- [WHAT IS REQUIRED]:
Pictures should be omitted; restate word for word the lines from the one holding "KOMASTSU PW200-7" through the last line of the entries below.

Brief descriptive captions
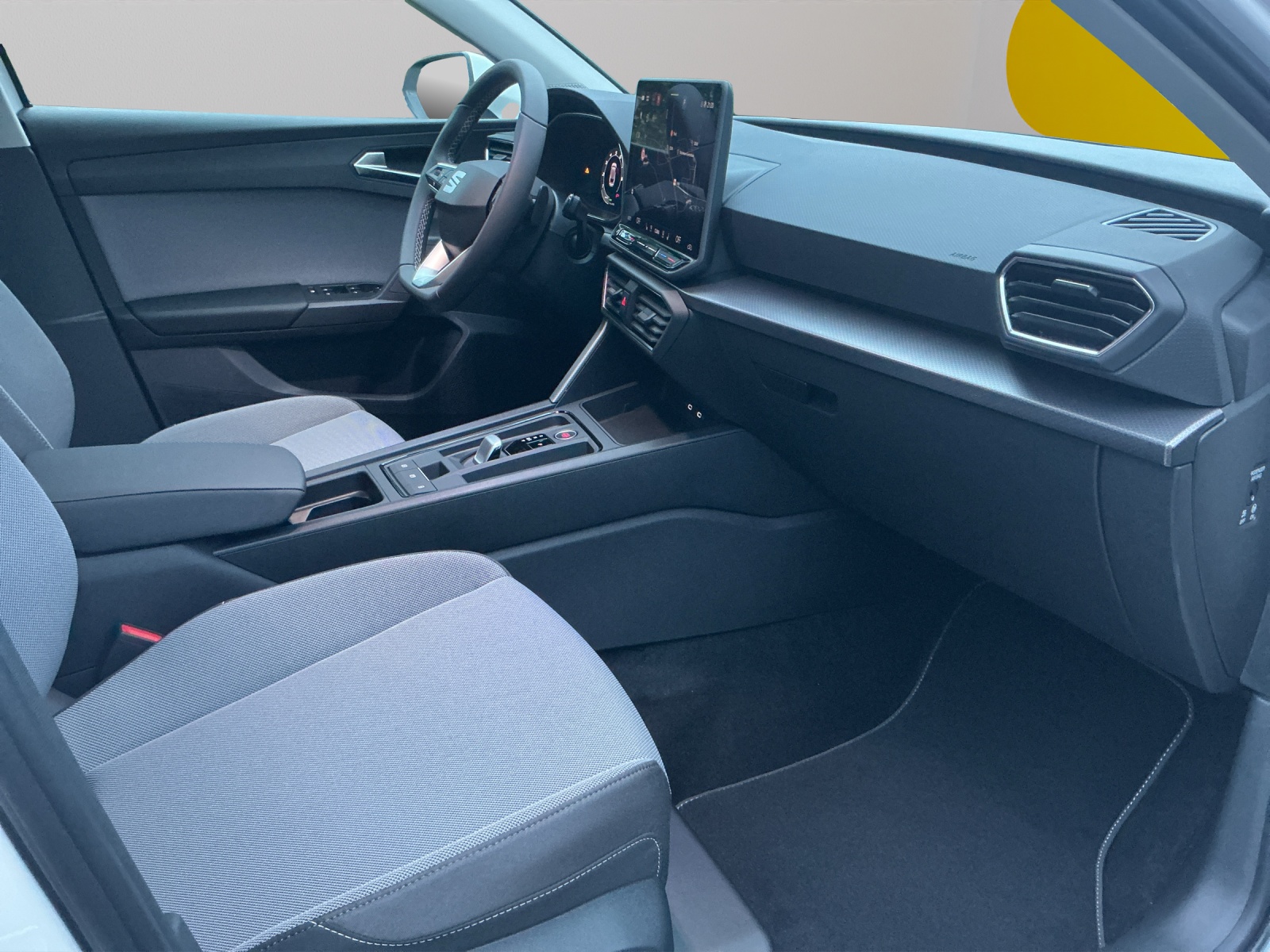 SEAT Leon ST 1.5 eTSI mHEV DSG Style-image-10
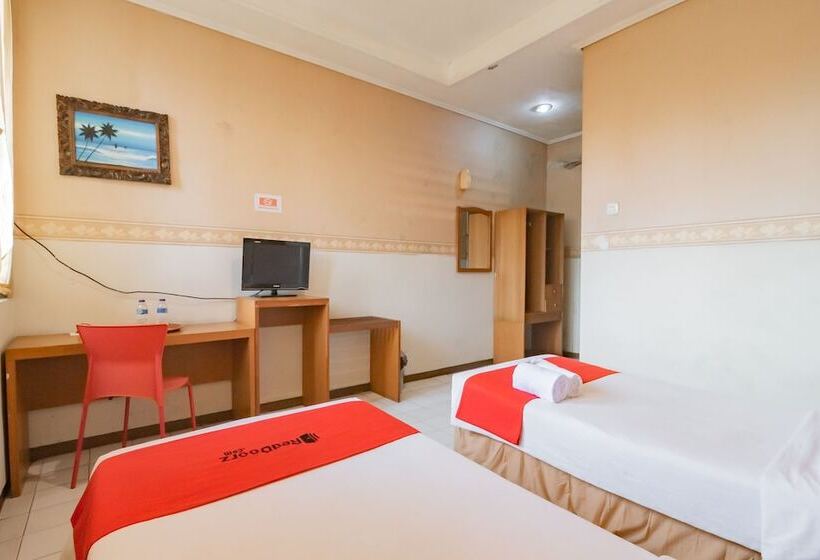 Номер Economy, Reddoorz Plus @ Sukamulya Pasteur 2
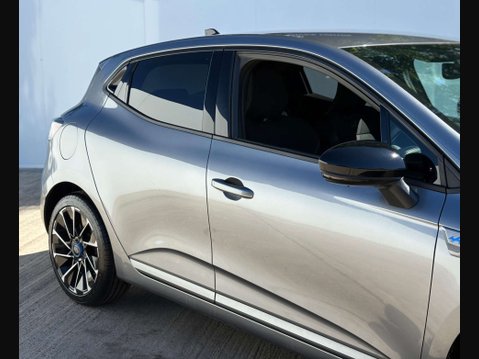 Renault Clio 1.6 Clio Espirit Alpine E-Tech HEV Auto 5dr 6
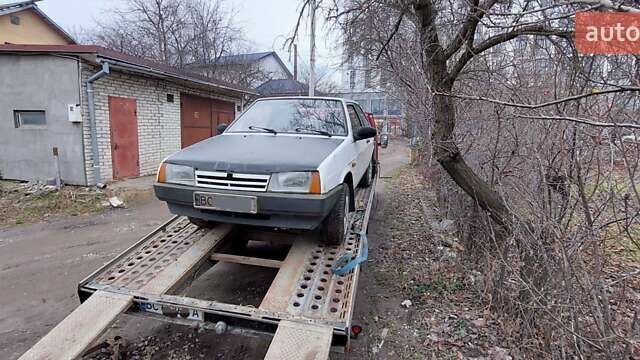 Белый ВАЗ 2108, объемом двигателя 1.6 л и пробегом 288 тыс. км за 600 $, фото 1 на Automoto.ua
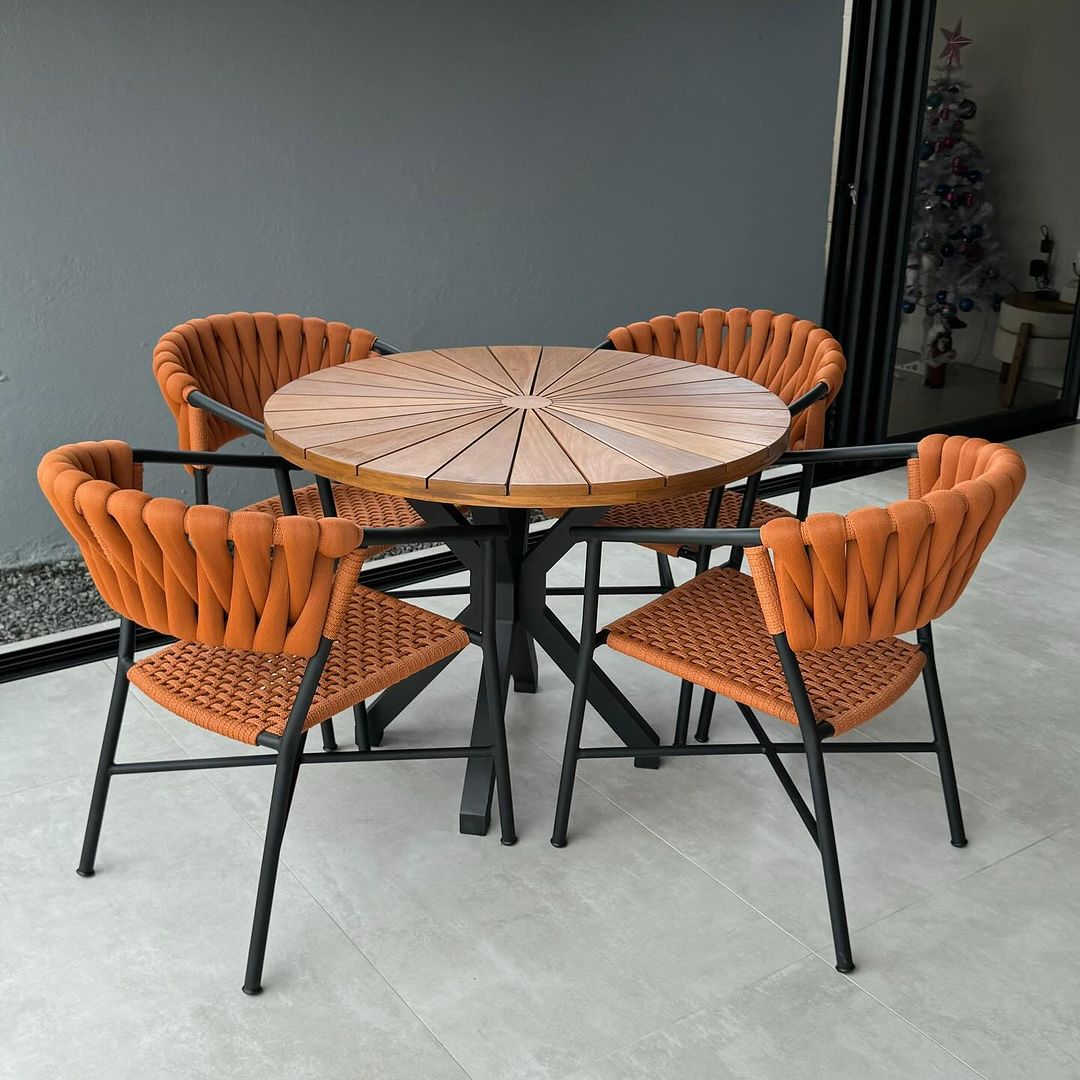 Mesa de comedor redonda sobre 140 cm Ripado Pizza madera maciza Cumaru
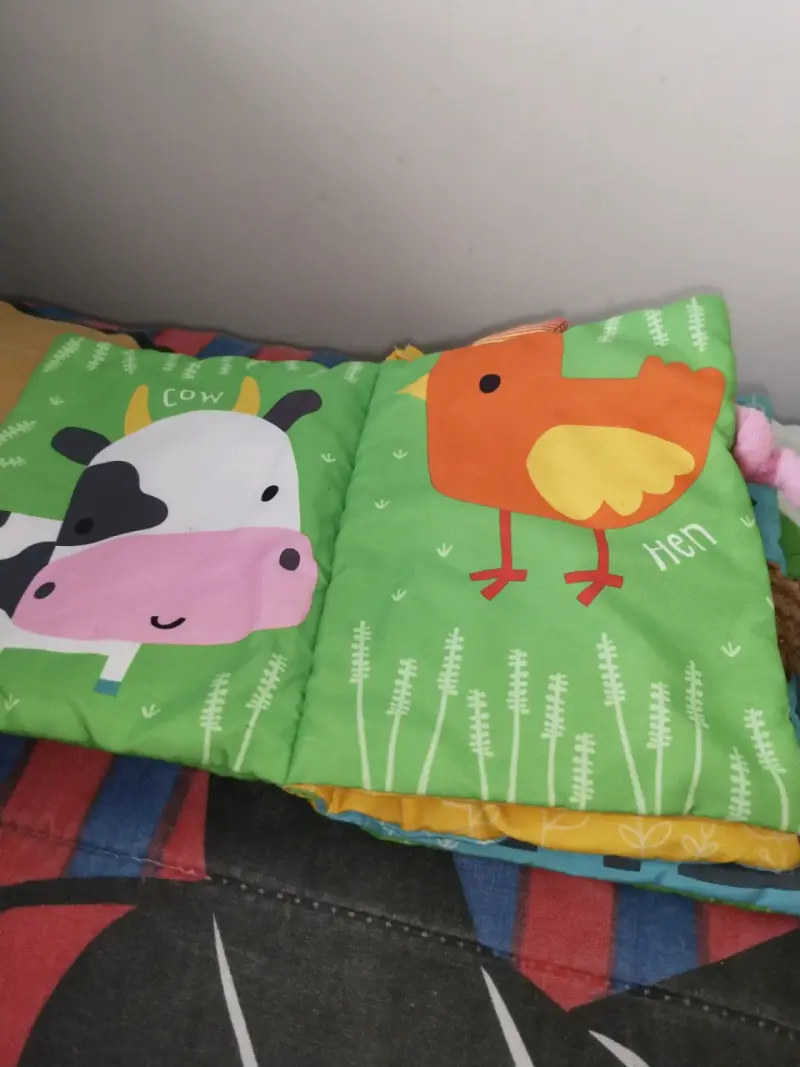 Libro de tela para bebés 'Farm Fun' - 4
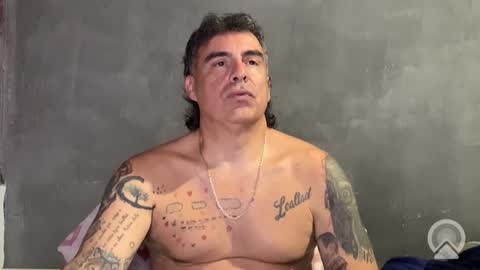 chato012 online show from April 18, 2026, 7:07 pm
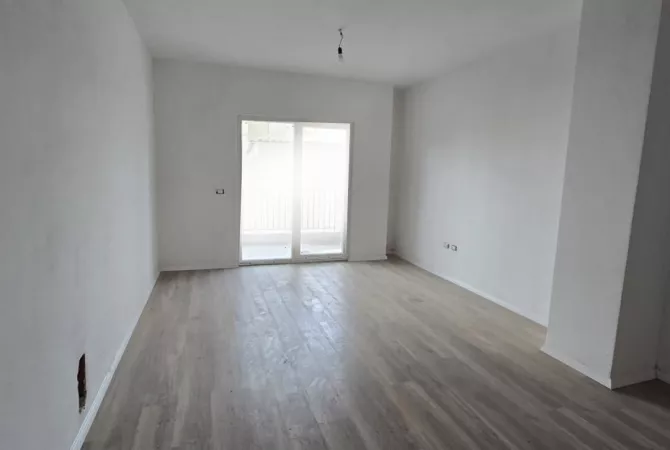 Shtepi ne shitje Apartament ne Tirane, 1+1, Mobilimi Bosh, pa mobiluar, Pagesa 123,000  Euro.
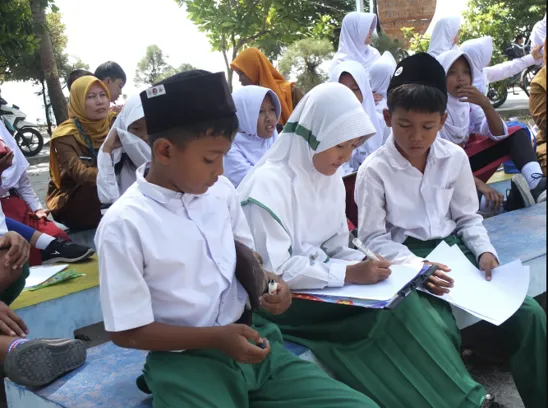 Siswa-siswi SD di Pulau Tidung saat Mengikuti Lomba Cerdas Cermat Siswa-siswi SD di Pulau Tidung saat Mengikuti Lomba Cerdas Cermat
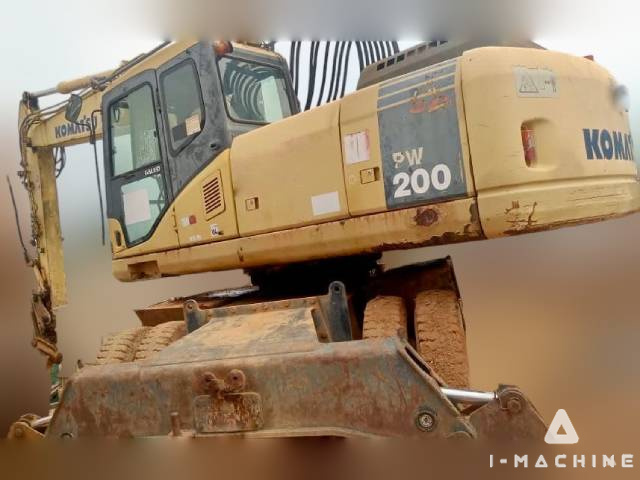 KOMASTSU PW200-7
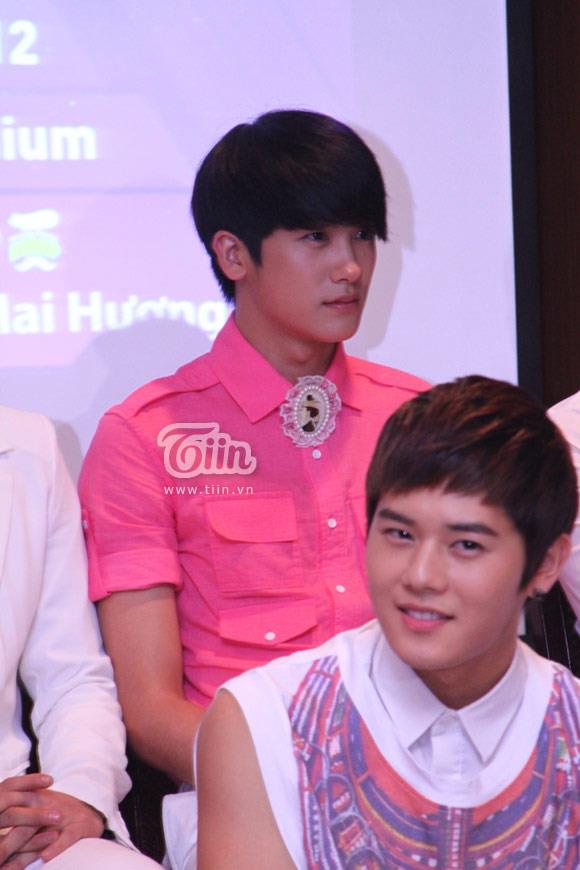 [OTHER] 121123 ZE:A @ Vietnam - MOA in Vietnam 2012 Press Conference 946_503927282959634_1819707547_n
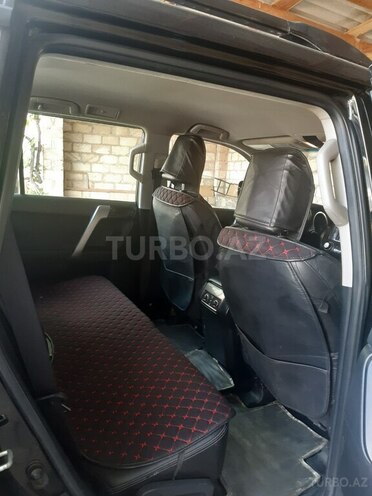 Toyota Land Cruiser Prado-6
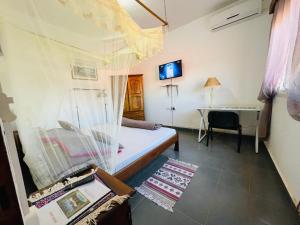 Piccola camera con letto e scrivania. di Régina Lodge Diégo Suarez Madagascar a Antsiranana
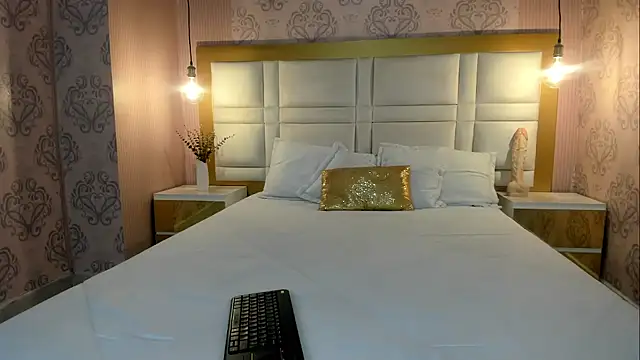 BDSM MEDUZA online show from June 5, 9:21 pm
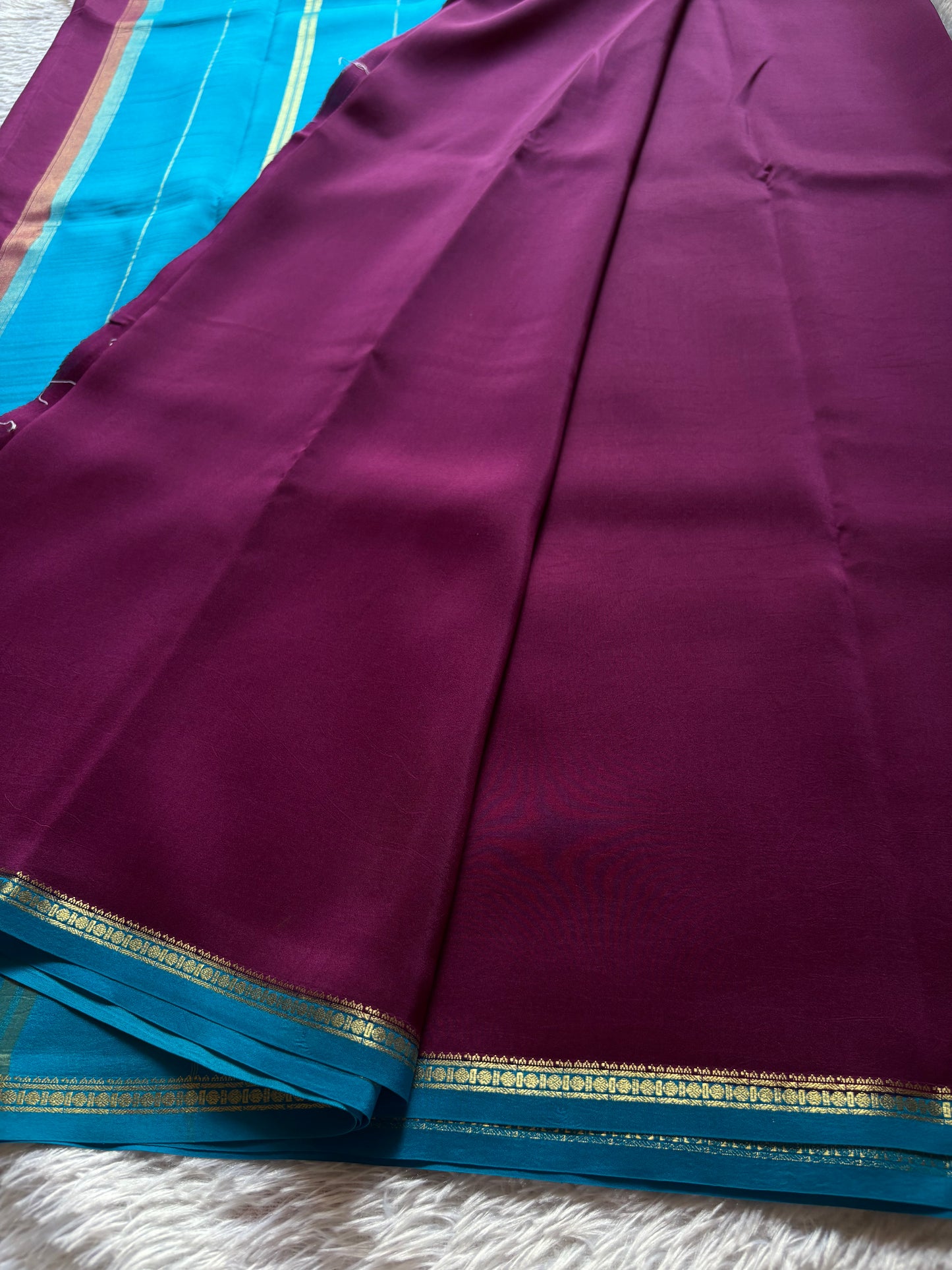 Sumukhi (2D) : Wine-ananda blue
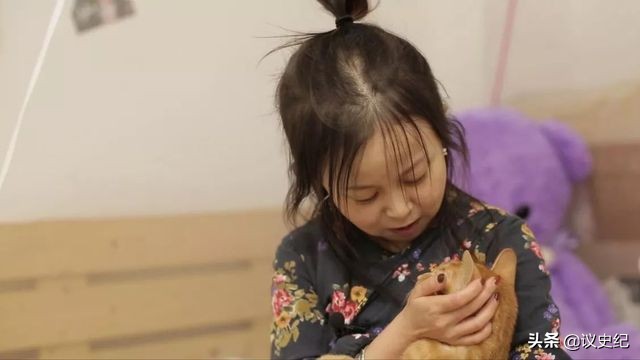 内蒙古女孩身高2米,内蒙一个特别矮女孩网红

- [TASK RESULT]:
 KOMASTSU PW200-7
 [OTHER] 121123 ZE:A @ Vietnam - MOA in Vietnam 2012 Press Conference 946_503927282959634_1819707547_n
 Toyota Land Cruiser Prado-6
 Piccola camera con letto e scrivania. di Régina Lodge Diégo Suarez Madagascar a Antsiranana
 BDSM MEDUZA online show from June 5, 9:21 pm
 Sumukhi (2D) : Wine-ananda blue
 内蒙古女孩身高2米,内蒙一个特别矮女孩网红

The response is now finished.